Direct je persbericht verspreiden onder journalisten, social-media en zoekmachines.
Startpunt voor de verspreiding van nieuwswaardige content.
Datum: maandag 29 juli 2013
Bron: Actueel Nieuws
Fysici van de UvA hebben bepaald wat de minimale tijd is waarbinnen magnetiet elektrisch kan schakelen. Samen met een internationaal onderzoeksteam is het de wetenschappers gelukt om direct te meten dat het maar een picoseconde duurt om dit oxide te laten switchen van isolerend naar geleidend gedrag: dat is duizend keer sneller dan de beste grafeentransistoren. Deze resultaten kunnen leiden tot betere transistoren: de kleine aan/uit-schakelaars van computerchips. Zo'n innovatie is een eerste stap naar snellere, krachtigere processoren die minder stroom gebruiken. De onderzoekers publiceren hun resultaten vandaag online in het vooraanstaande tijdschrift Nature Materials.
Magnetiet (Fe[3]O[4]) komt in de natuur voor als mineraal. In het onderzoek werd het blootgesteld aan een krachtige laserpuls van zichtbaar licht. Deze lichtpuls breekt de geordende patronen waarin de elektronen vastzitten. Die breking is het startschot van een proces waardoor het magnetiet uiteindelijk geleidend wordt. Kort na die eerste stap, volgt een ultrakorte, ultraheldere puls van de Linac Coherent Light Source (LCLS) bij SLAC National Accelerator Laboratory. Met deze roentgenlaser wist het onderzoeksteam voor het eerst de tijdschalen en details van de veranderingen in het magnetiet door de oorspronkelijke laserpuls waar te nemen.

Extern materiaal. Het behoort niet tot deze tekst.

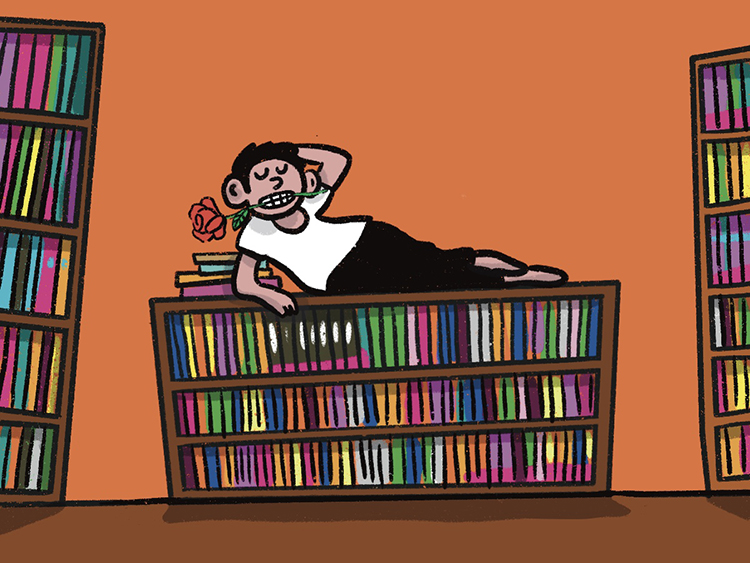 LE PACK LIBRAIRES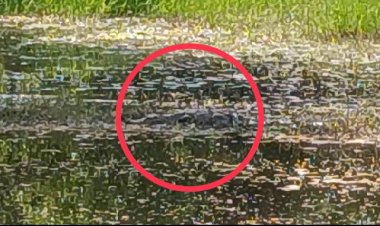 ชาวกบินทร์บุรีผวาจระเข้ยาวเกือบ 2 เมตรโผล่นอนผึ่งแดด-อ้าปากหราโชว์!ในนาข้าว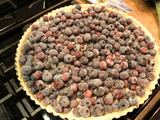 Tarte aux bleuets (myrtilles) et chocolat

Nederlands tintje: de Verwey-overgang
Magnetiet is het eerste metaaloxide waarin een overgang tussen geleidend en isolerend gedrag is waargenomen. Evert Verwey, de latere directeur van het Philips NatLab, was in 1939 de eerste die hierover publiceerde in vakblad Nature. Verwey studeerde wis- en natuurkunde aan de voorloper van de huidige UvA en was lange tijd lid van de bestuur van Stichting FOM. Zijn ontdekking dat de elektronen vast kunnen vriezen in een oxide zoals magnetiet, en zodanig elektrische geleiding kunnen uitschakelen, was een primeur. Daarom draagt dit proces, dat plaatsvindt bij -150 DEGC de naam Verwey-overgang.
Vries- en smeltproces
Lang is er gezocht naar het microscopische mechanisme van de Verwey-overgang: hoe de vastgevroren elektronenpatronen smelten en loskomen, zodat de bewegelijke ladingen een metaal opnieuw geleidend maken. In de nieuwe experimenten gebruikten de onderzoekers, waaronder de Amsterdamse fysici prof.dr. Hermann Duerr, prof.dr. Mark Golden en voormalig UvA-promovendus dr. Sanne de Jong, de ultrasnelle röntgenflitsen van de LCLS om het smelten van de bevroren ladingen in magnetiet te 'filmen'. Net als in een tekenfilm maakten zij snel vele snapshots van het materiaal in die eerste smeltfase.
Bliksemsnel schakelen
De isolerende toestand van magnetiet blijkt te bestaan dankzij groepjes van drie ijzeratomen in het rooster, trimerons geheten. Als er voldoende fotonen in de eerste laserpuls zitten, wordt een kwart van de trimerons ontmanteld. Dit gebeurt razendsnel: binnen een kwart van een picoseconde. Op de plekken waar het bijzondere patroon van trimerons kapot is, kunnen elektronen vrij bewegen. Wanneer dit leidt tot een netwerk van metallische filamenten die elkaar raken, schakelt het kristal tussen de 'uit' en 'aan' geleidingstoestanden. Door de LCLS-laser als razendsnelle stopwatch te gebruiken, konden de wetenschappers de Verwey-overgang nauwkeurig volgen en de snelheidslimiet voor schakelen vaststellen op een picoseconde (een miljoenste van een miljoenste van een seconde). Die limiet geldt ook voor toekomstige oxide elektronica.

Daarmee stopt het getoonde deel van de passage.